• _DATA LISTING_:
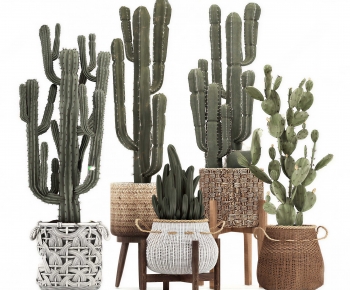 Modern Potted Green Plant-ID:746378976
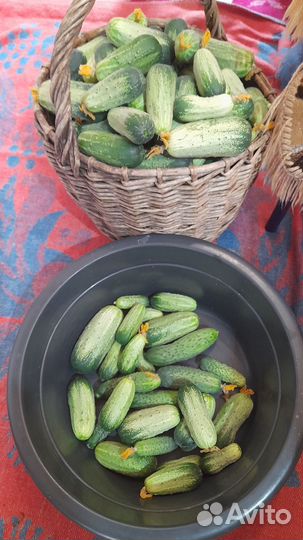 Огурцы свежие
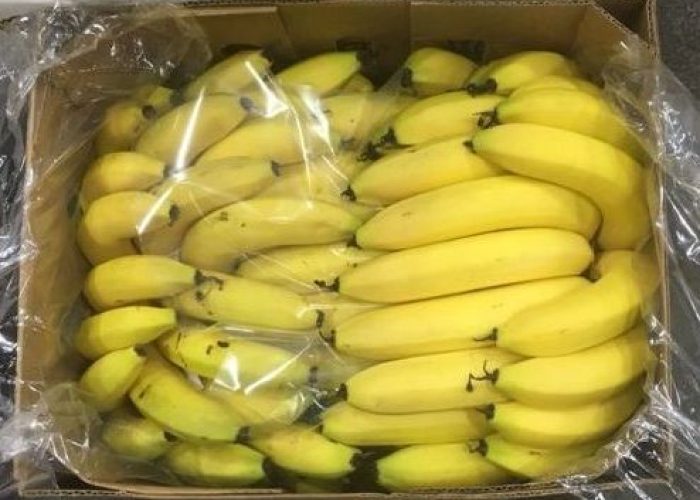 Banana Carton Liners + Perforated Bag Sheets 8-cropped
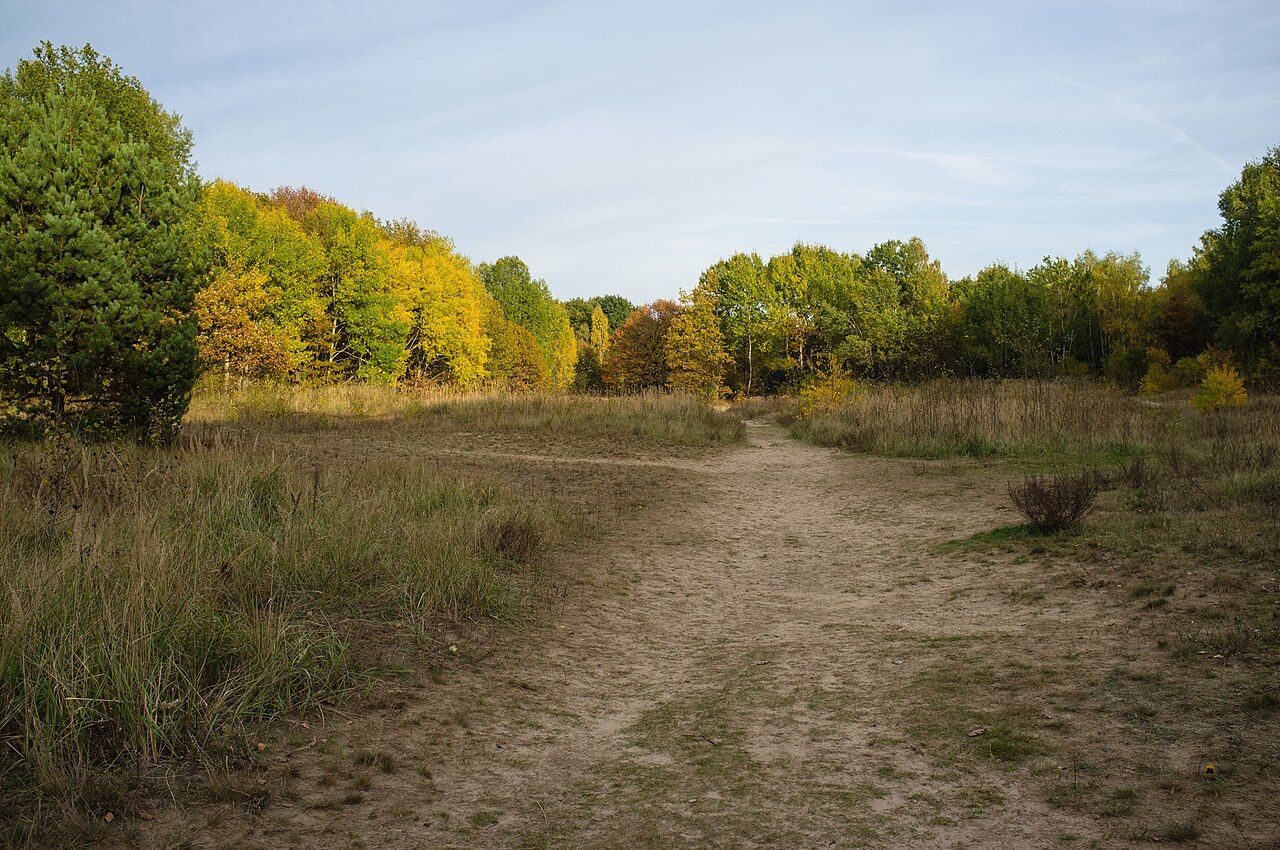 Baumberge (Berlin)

---

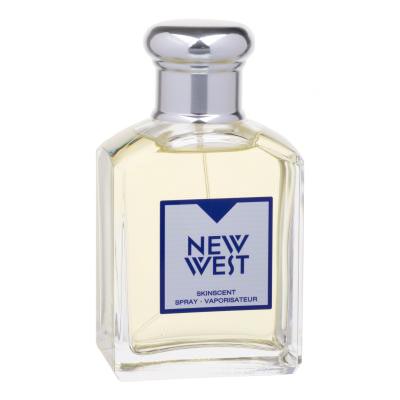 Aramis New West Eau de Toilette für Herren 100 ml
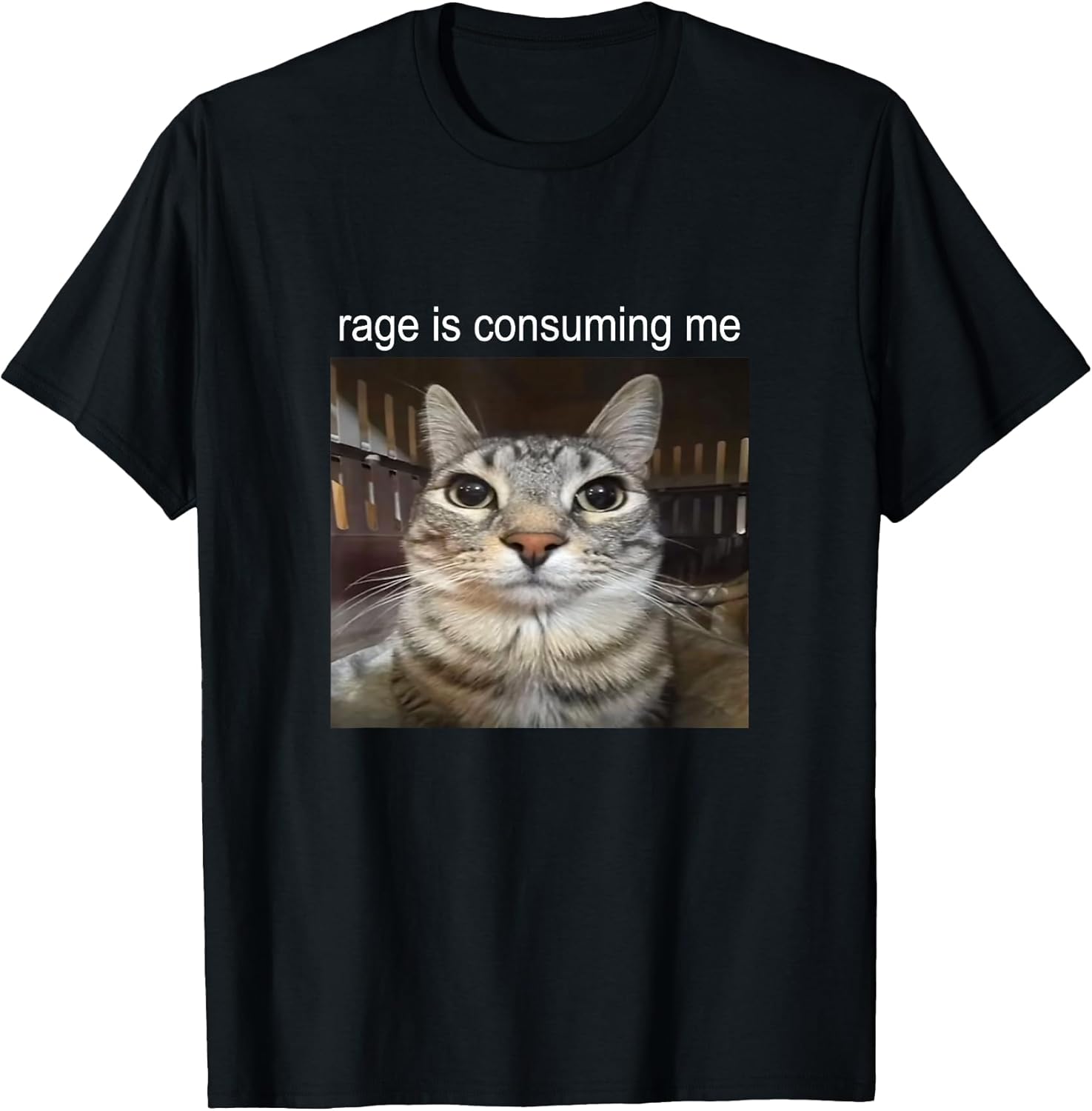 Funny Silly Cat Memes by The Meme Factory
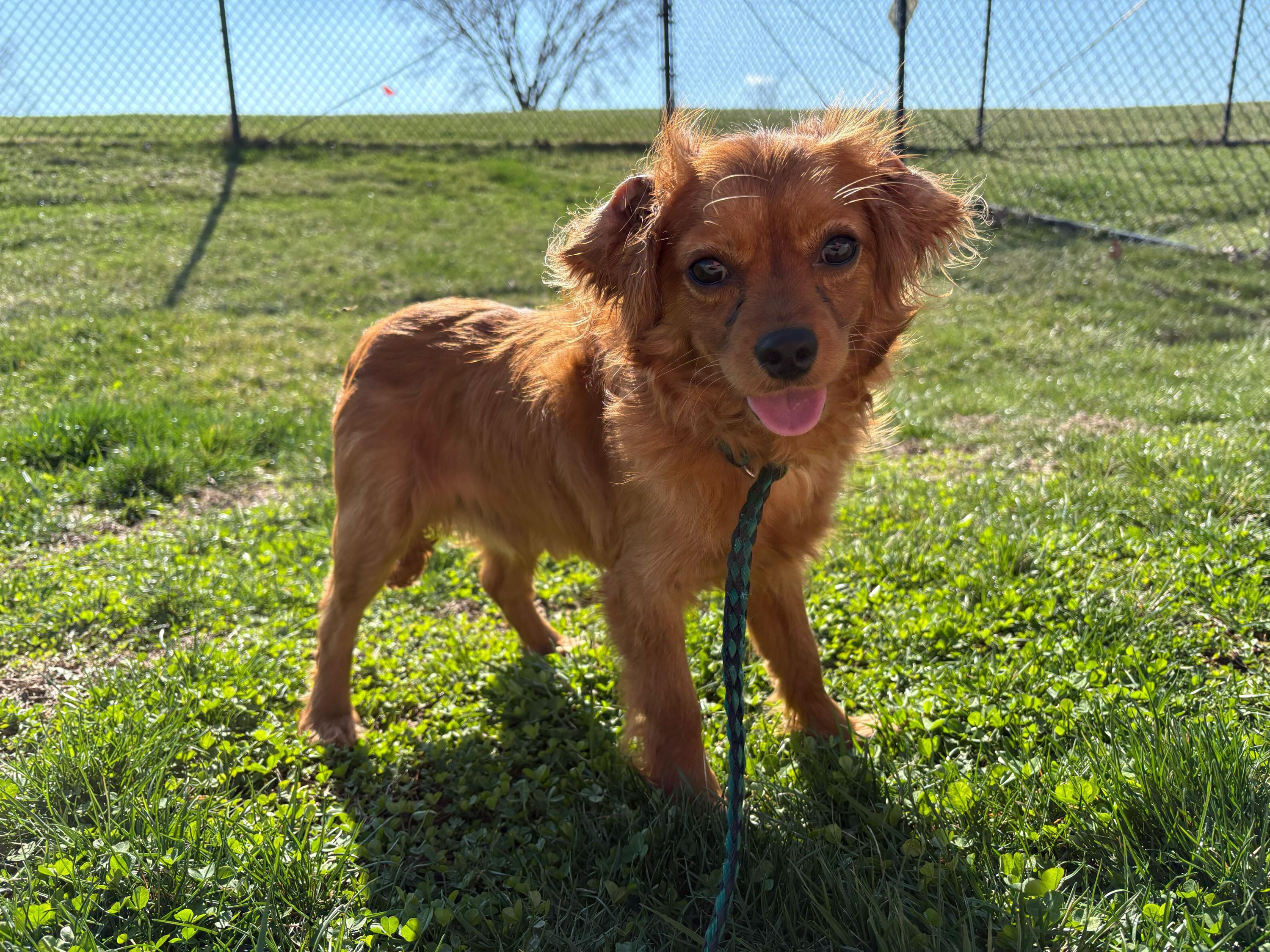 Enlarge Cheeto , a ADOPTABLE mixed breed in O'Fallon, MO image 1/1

---

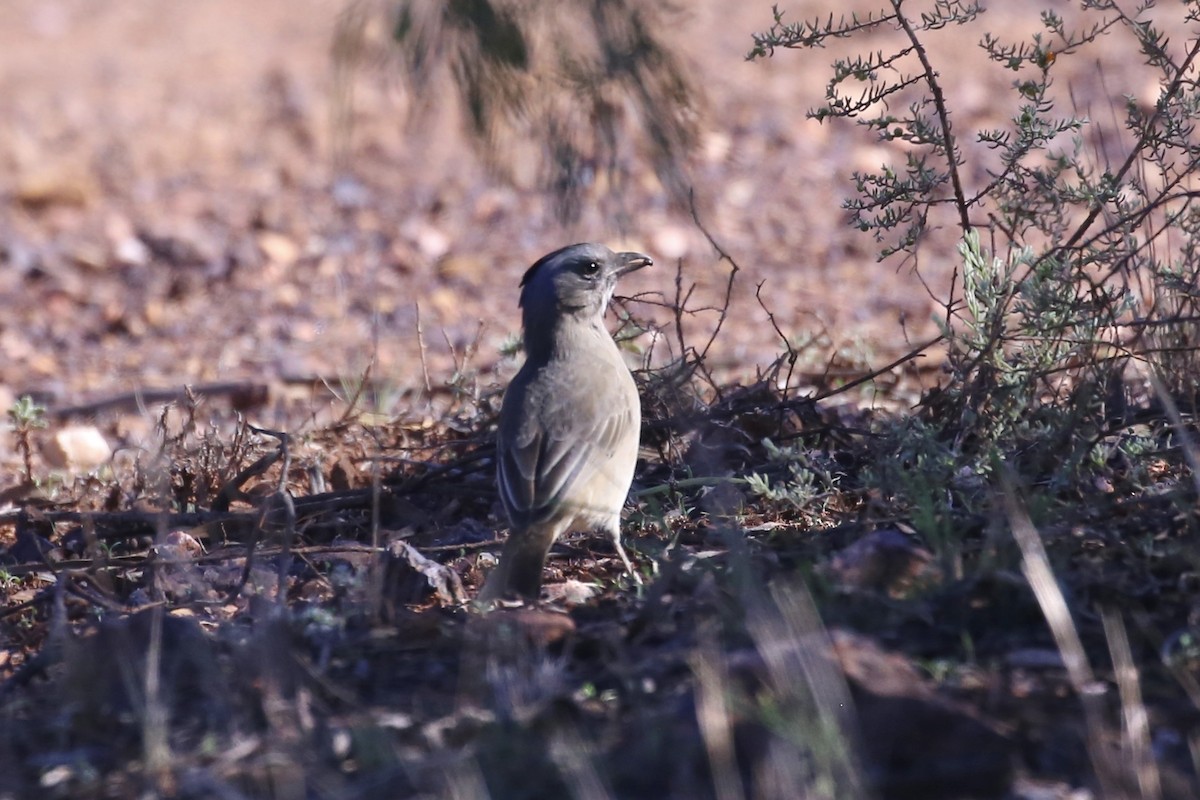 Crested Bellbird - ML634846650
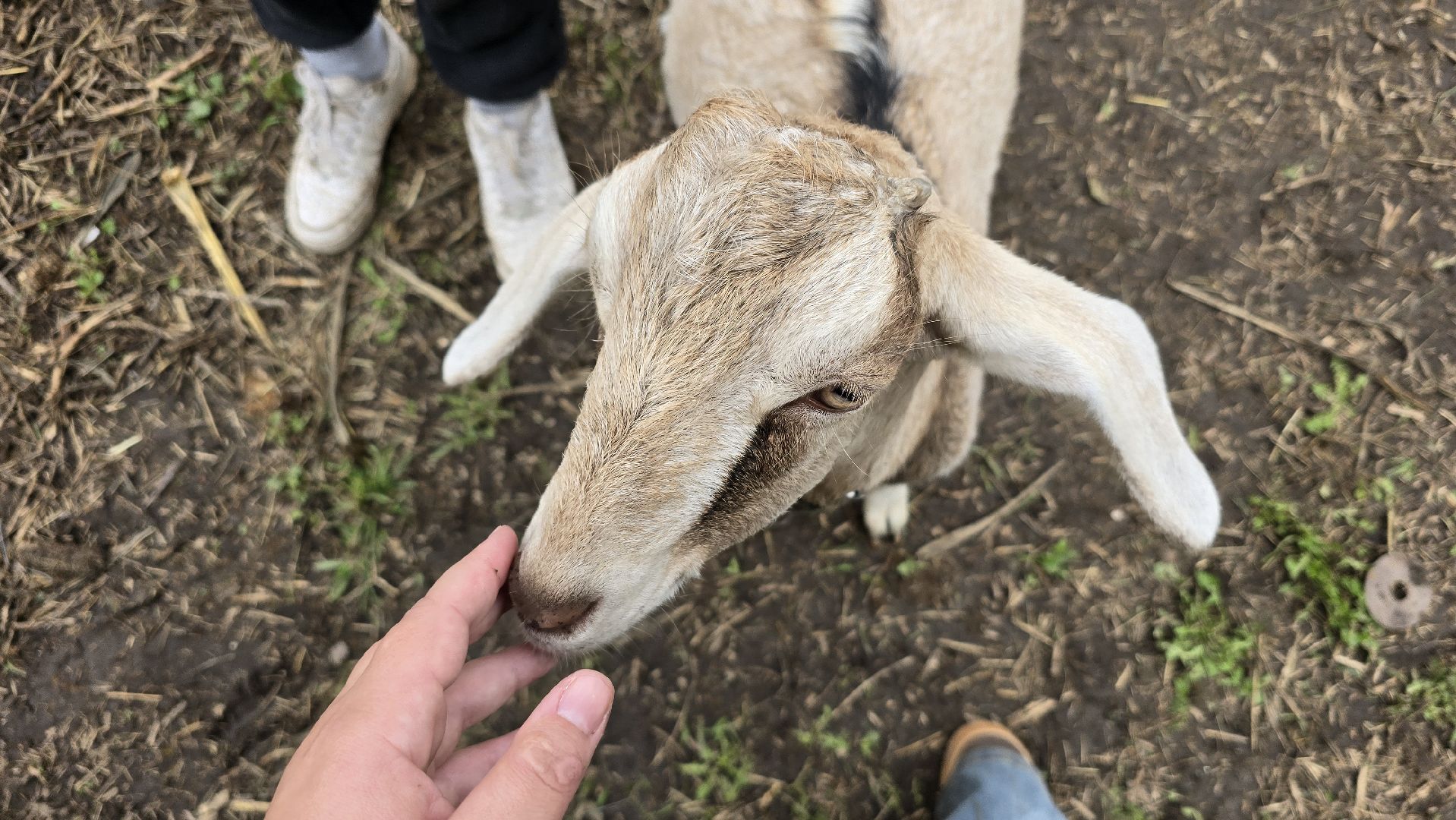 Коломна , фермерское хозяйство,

• _WHAT IS NEEDED_:
Give back the exact lines above, running from the one that has "Funny Silly Cat Memes by The Meme Factory" through the one that has "Enlarge Cheeto , a", with nothing added and no pictures.

• _WRITTEN SOLUTION_:
 Funny Silly Cat Memes by The Meme Factory
 Enlarge Cheeto , a ADOPTABLE mixed breed in O'Fallon, MO image 1/1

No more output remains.